No matter which way you looked at it, the bulls had four buttocks. Lined up, ready to strut into the show ring at the Great Yorkshire Show, rosettes on their shiny new collars, coats freshly coiffed and tails trimmed of poo, they were splendid specimens of bovine breeding. But yet they had four buttocks. I counted them. One. Two. Three. Four. Noel counted them. One. Two. Three Four. Yup. Four.
Son-in-law Tom, a cattle farmer, has tried his best to educate the two oldie townies in countryside know-how. As we entered the cattle sheds at the show, he explained that the cows were the ones with the boobies and the bulls, well, they really didn't need any explanation, it was plain to see and would definitely have had someone's eye out.
The buttock phenomenon, as we came to call it, had a simple explanation. People like rump steak, the more rumps, the more steak, these beasts were bred for their buttocks. It's enough to turn you vegetarian.
We were at the Great Yorkshire Show with most of the population of the north of England, Scotland, the Cotswolds, part of Greater London and Holland. The place was heaving, no-one walked, we all moved together in one blobby mass of ice-cream-eating humanity. Together we watched the show jumping, held our breath as we walked past the pig pens, gasped at the lumberjacks as they shinned up the posts, tested the meats and cheeses in the food hall and collected little bottles of yoghurt handed out by the trayload.
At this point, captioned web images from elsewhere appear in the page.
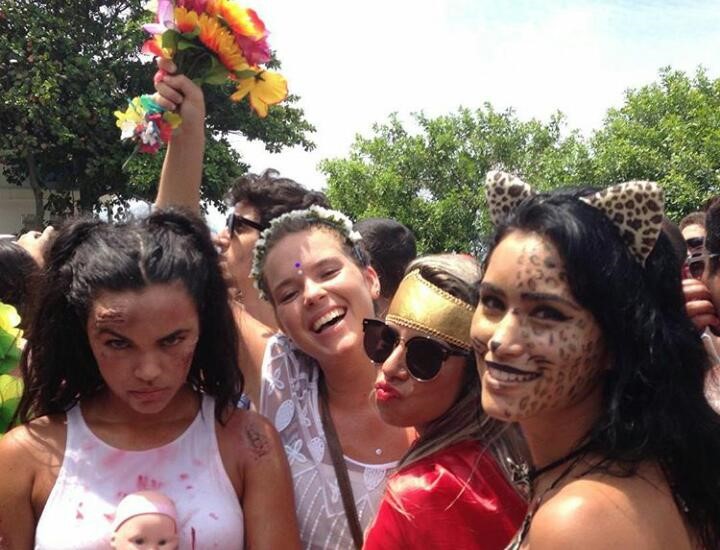 Giovana Cordeiro e amigas (Arquivo Pessoal)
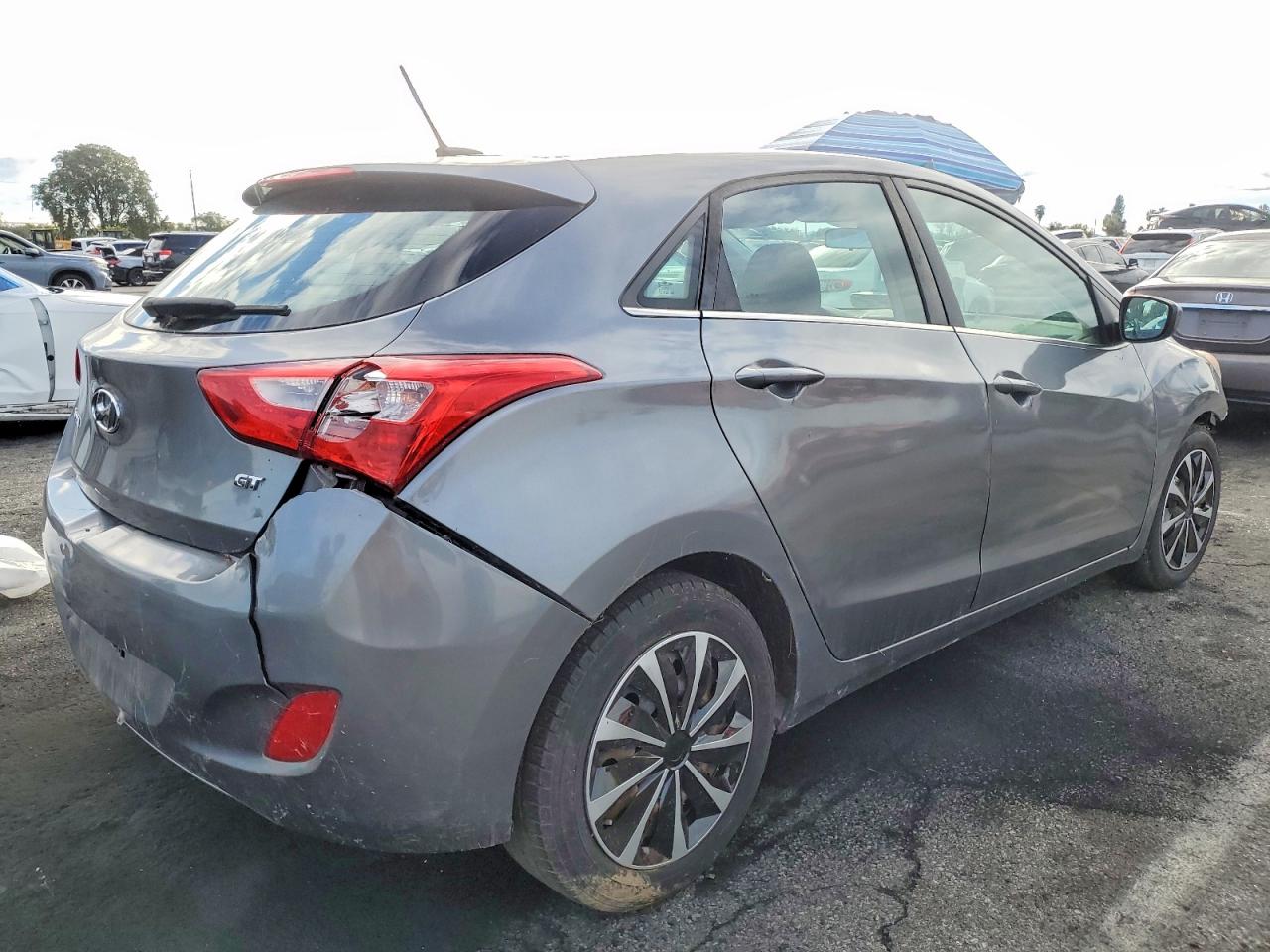 2016 HYUNDAI ELANTRA GT BASE photo 3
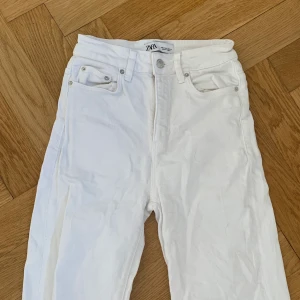 Vita jeans - Säljer ett par vita jeans som är försmå för mig. Den har två märken på sig, kan skicka bild på dem. De går ner till anklarna på mig som är 160 och är från Zara. Kan mötas upp eller så står köparen för frakten!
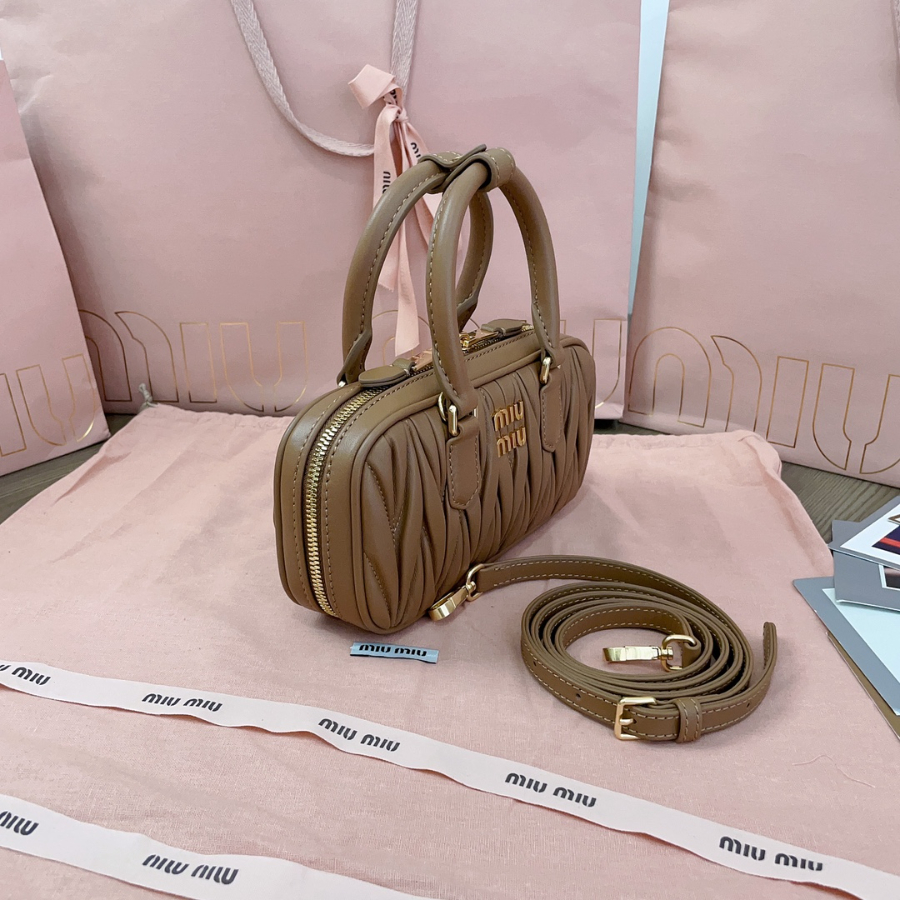 미우미우 아르카디 마테라쎄 나파 가죽 미니 백 19105cm 5BP088 커피3.jpg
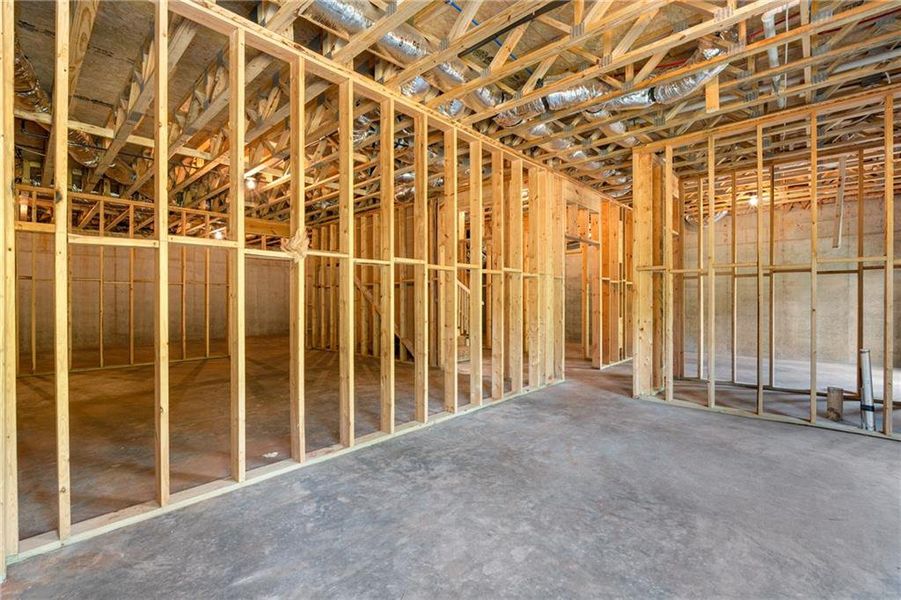 Spacious, unfurnished interior of a new home in , Jefferson (Image 36).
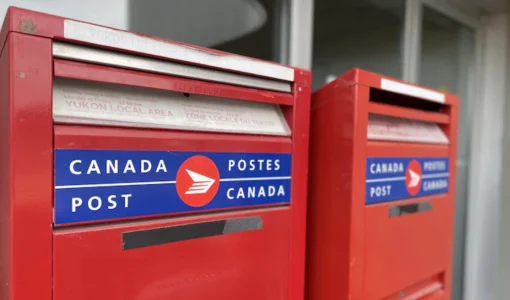 Postes Canada plonge, une perte record inquiète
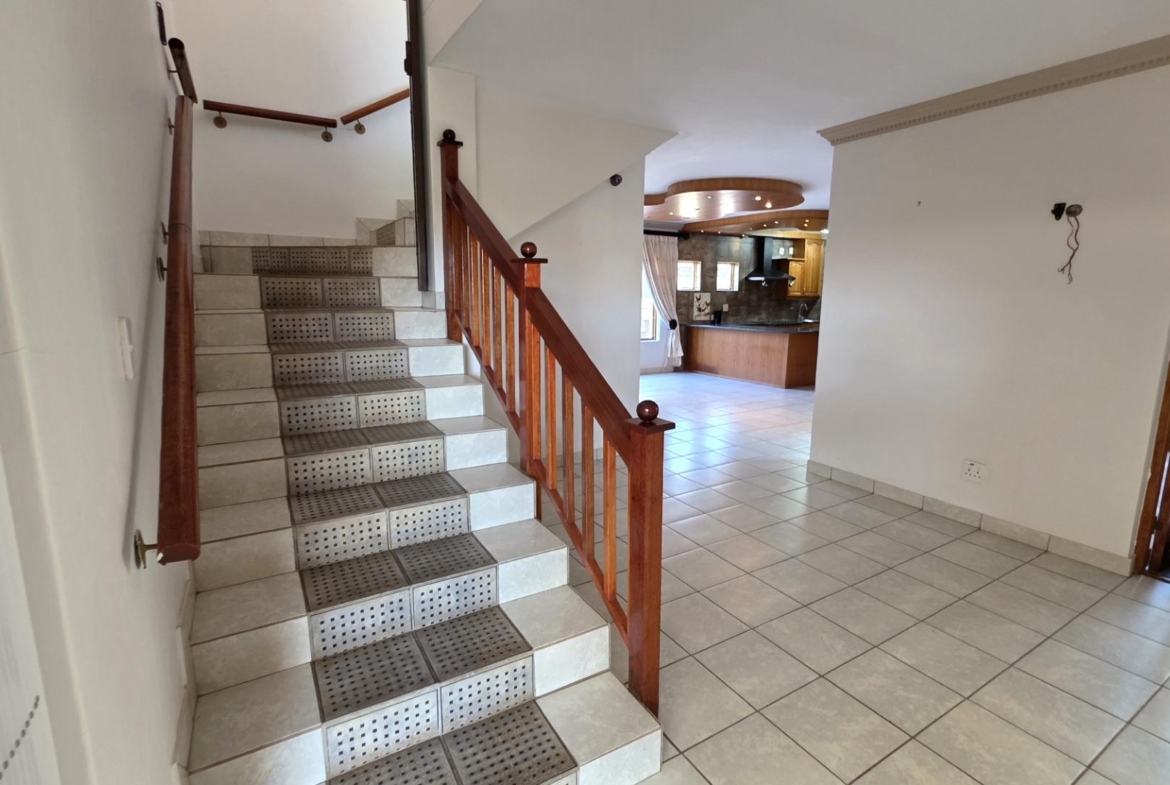 Entertainers Dream 4 Bedroom 5 Bathroom Home
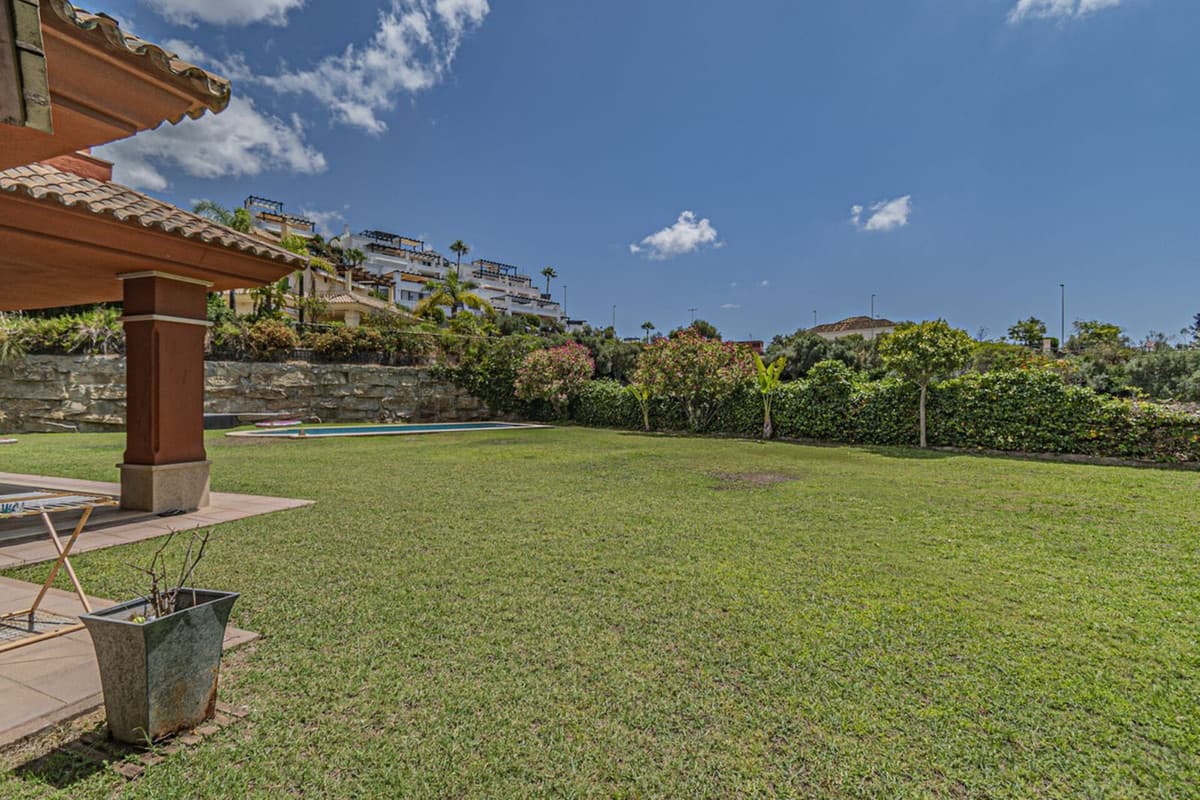 Detached Villa in Marbella — photo 3 of 10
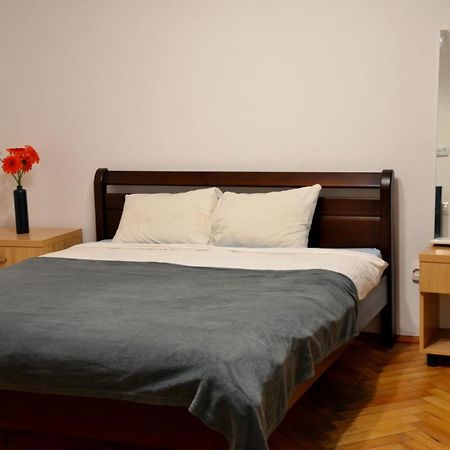 Brand New Apartment In City Center Лвив Екстериор снимка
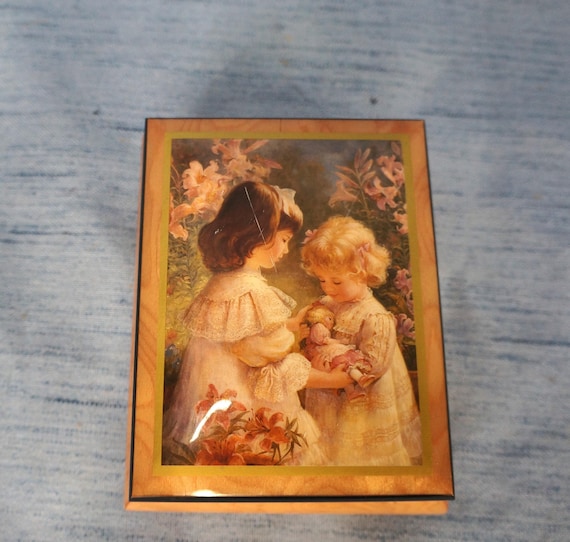 Vintage Munchner Musikdose Ercolano Swiss Music Box Plays You Are My Sunshine Wooden Box with Children Illustration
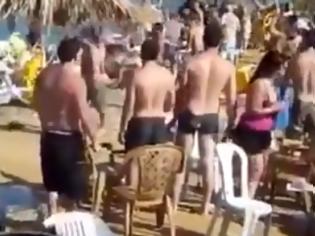 Φωτογραφία για ΑΠΙΣΤΕΥΤΟ VIDEO: Ξύλο και των...λουομένων σε παραλία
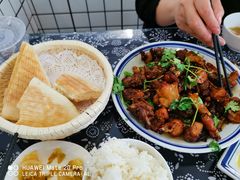 -八两八金·莱芜特色炒鸡(市南漳浦路店)
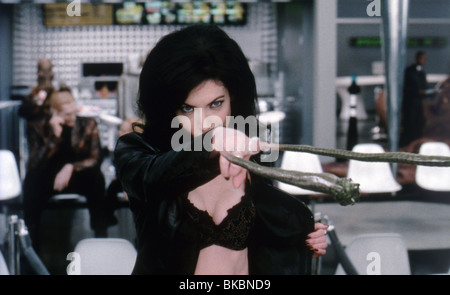 MEN IN BLACK II (2002) LARA FLYNN BOYLE MIB2 001-02 Stockfoto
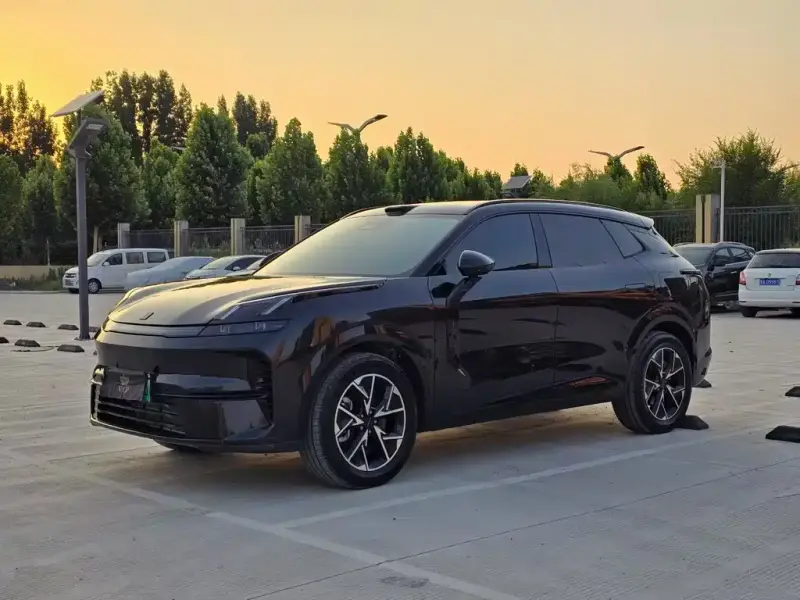 Lynk & Co 08 EM-P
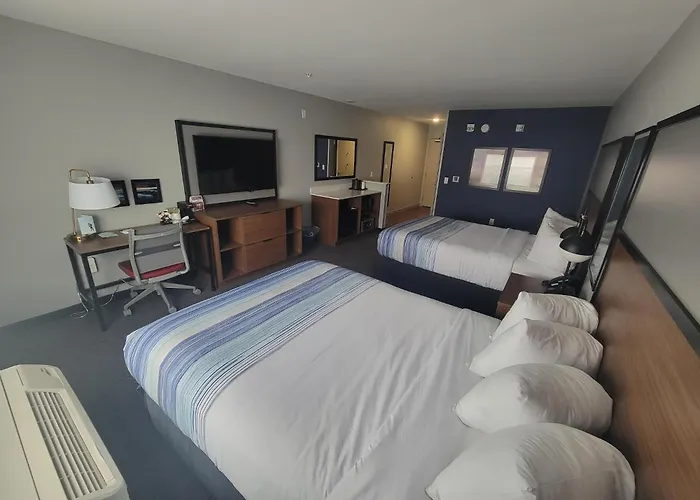International Falls Hotels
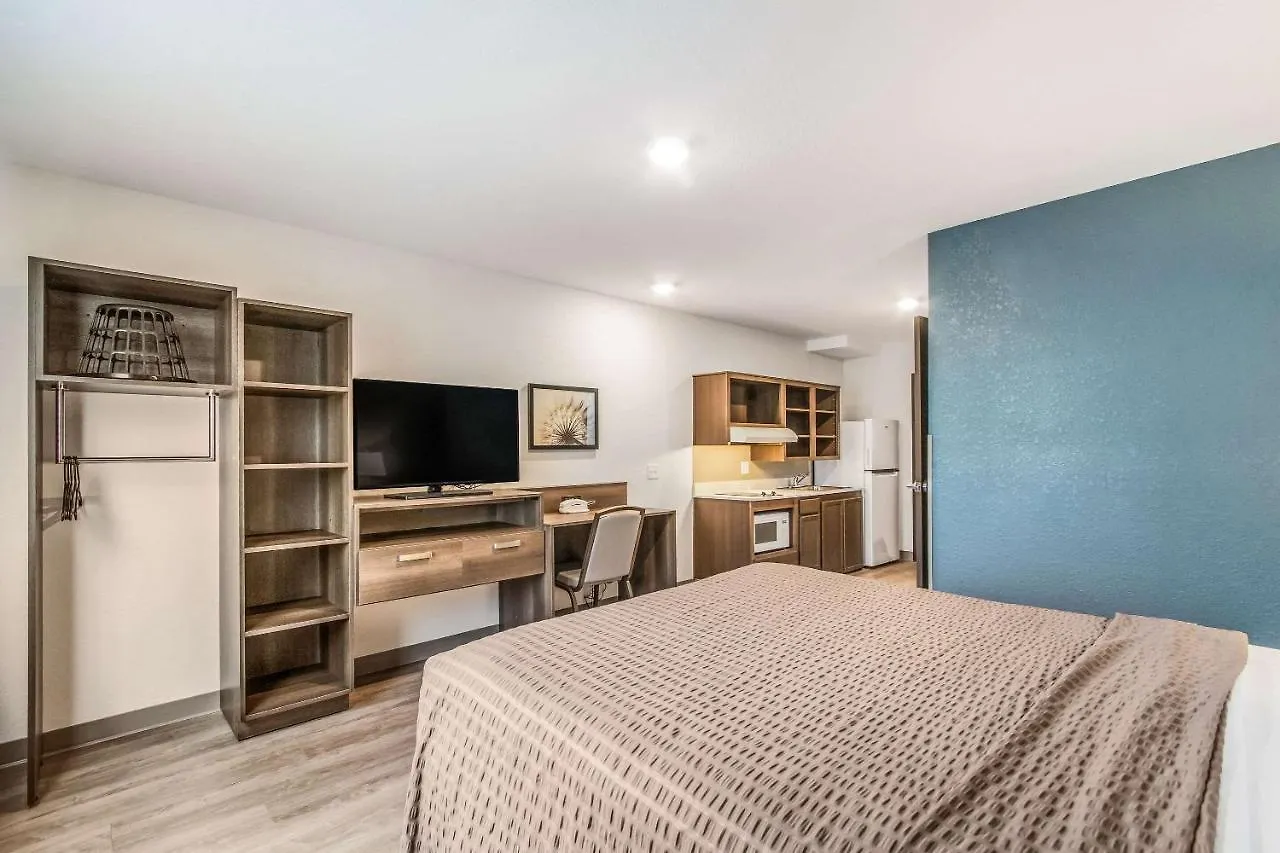 Woodspring Miami Airport Hotel 3*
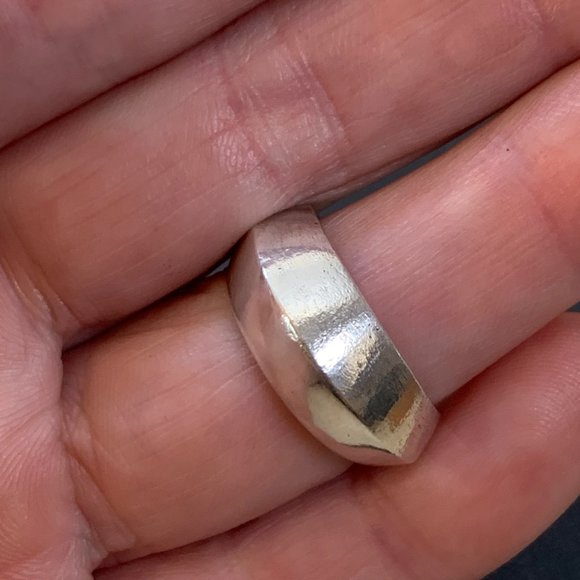 Sterling Silver 925 Knife Edge Tapered Band Textured & Shiny Finish Size 5 - Picture 10 of 15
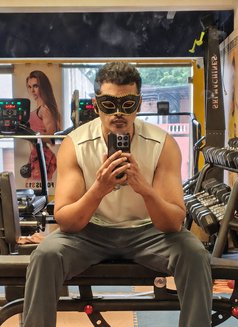 Mani - Male escort in Chennai Photo 2 of 3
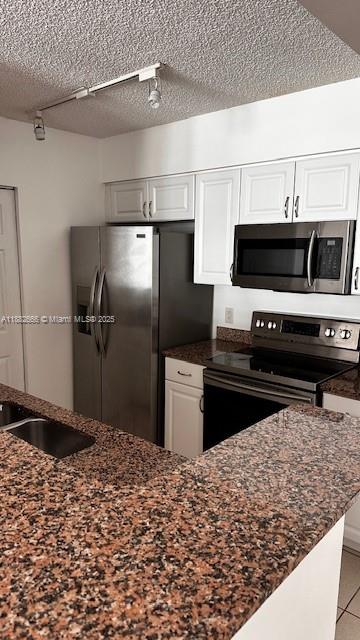 1155 Brickell Bay Dr #1706, Miami FL 33131
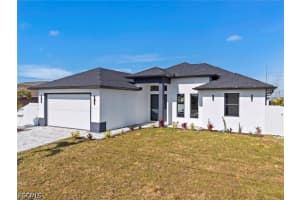 2328 8th Place, Cape Coral, FL 33993 - MLS#2026019397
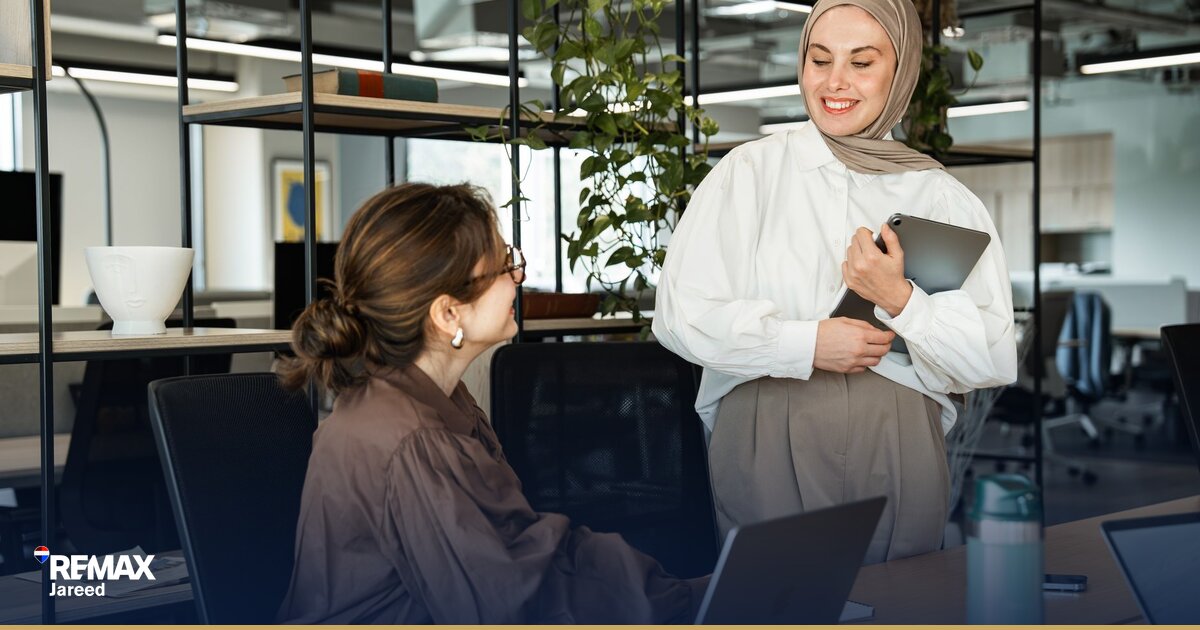 مصافحة بين مشترٍ ووكيل عقاري بعد الاتفاق على سعر شقة في الشيخ زايد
We met up with Hannah, Tom and birthday girl Lizzie, who's three tomorrow. As a farmer's daughter she can name every piece of heavy equipment, along with its manufacturer. She's not phased by the cattle and sheep – there's plenty of those at home. But the goats, well, they were a real eye opener for her, she had to give every goat a little pat on the bottom, and there were a lot of them. Fortunately they only had two buttocks, otherwise we'd have been there all day.